> _Given data_
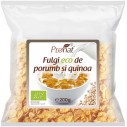 Fulgi bio de porumb si quinoa, 200g Pronat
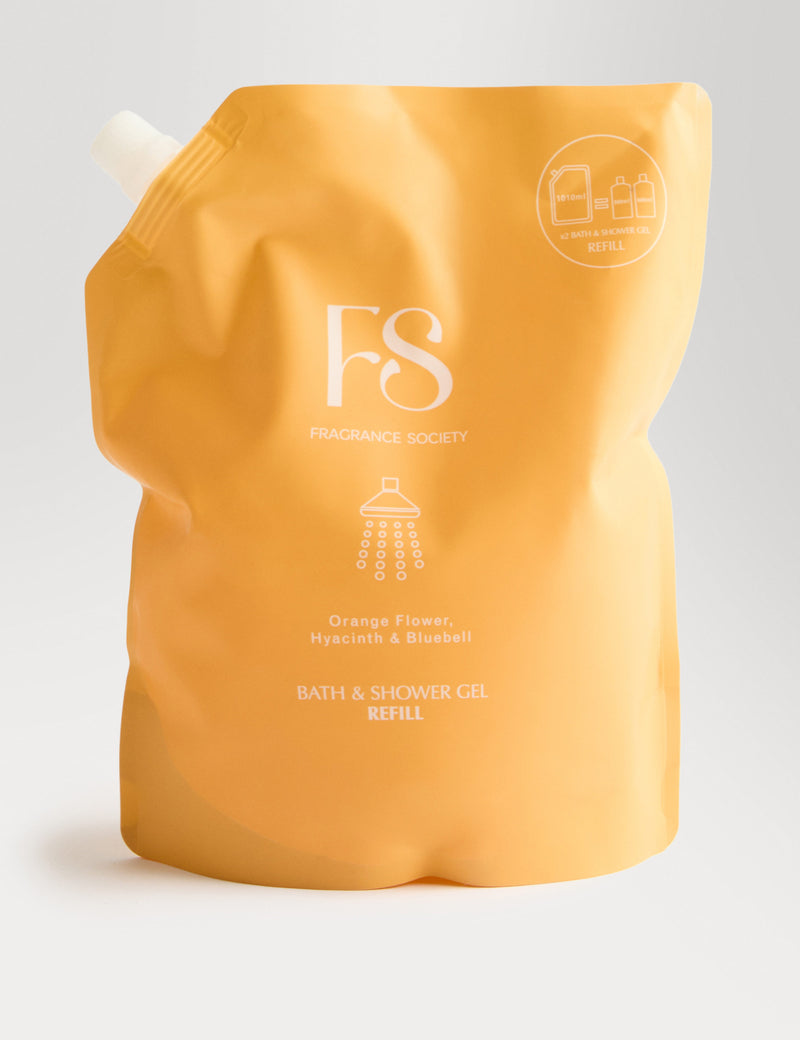 Fragrance Society Orange Bath & Shower Refill 1010 ml - British product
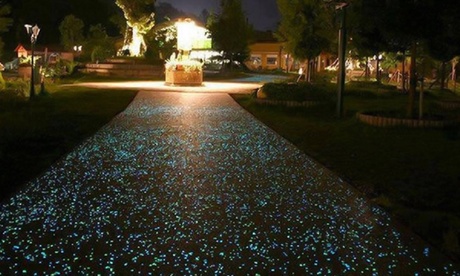 100, 200 ou 300 galets lumineux et fluorescents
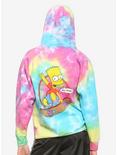 The Simpsons Skateboarding Bart Tie-Dye Girls Hoodie, MULTI, hi-res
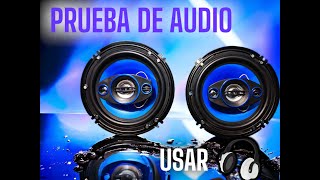 PRUEBA DE SONIDO DE LAS BOCINAS PARA AUTO MARCA TIAOPING TP-1671 EXCELENTE AUDIO AL MEJOR PRECIO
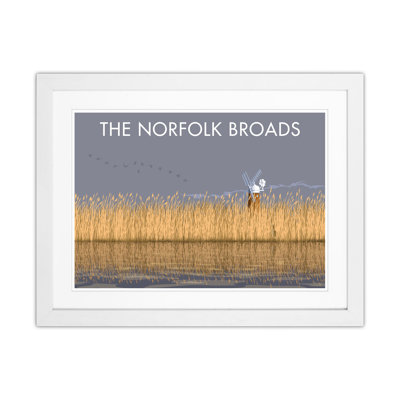 Norfolk Broads by Stephen Millership - Print on Canvas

> _Task objective_
The result should be the full listing, retyped exactly and free of pictures.

> _Solution below_
 Fulgi bio de porumb si quinoa, 200g Pronat
 Fragrance Society Orange Bath & Shower Refill 1010 ml - British product
 100, 200 ou 300 galets lumineux et fluorescents
 The Simpsons Skateboarding Bart Tie-Dye Girls Hoodie, MULTI, hi-res
 PRUEBA DE SONIDO DE LAS BOCINAS PARA AUTO MARCA TIAOPING TP-1671 EXCELENTE AUDIO AL MEJOR PRECIO
 Norfolk Broads by Stephen Millership - Print on Canvas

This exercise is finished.